■ **YOUR TASK**: With the material below, print exactly the lines between the line holding "Designer Floral Waistcoat" and the line holding "Topwijf Grijs Wit: iPhone", inclusive. Add nothing else.

■ **INPUT**:
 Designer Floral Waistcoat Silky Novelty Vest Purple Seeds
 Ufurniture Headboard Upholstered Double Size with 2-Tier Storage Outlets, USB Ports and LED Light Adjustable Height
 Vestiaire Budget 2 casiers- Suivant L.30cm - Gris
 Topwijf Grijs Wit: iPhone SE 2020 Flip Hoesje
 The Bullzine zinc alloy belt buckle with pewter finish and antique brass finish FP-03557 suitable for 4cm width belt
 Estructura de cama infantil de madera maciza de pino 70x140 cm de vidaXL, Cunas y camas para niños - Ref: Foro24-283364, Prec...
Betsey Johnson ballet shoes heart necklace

---

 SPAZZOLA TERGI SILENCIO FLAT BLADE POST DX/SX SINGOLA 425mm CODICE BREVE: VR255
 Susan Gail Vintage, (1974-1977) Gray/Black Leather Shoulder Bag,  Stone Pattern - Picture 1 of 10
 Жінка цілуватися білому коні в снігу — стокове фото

■ **RESPONSE TO THE TASK**:
 Designer Floral Waistcoat Silky Novelty Vest Purple Seeds
 Ufurniture Headboard Upholstered Double Size with 2-Tier Storage Outlets, USB Ports and LED Light Adjustable Height
 Vestiaire Budget 2 casiers- Suivant L.30cm - Gris
 Topwijf Grijs Wit: iPhone SE 2020 Flip Hoesje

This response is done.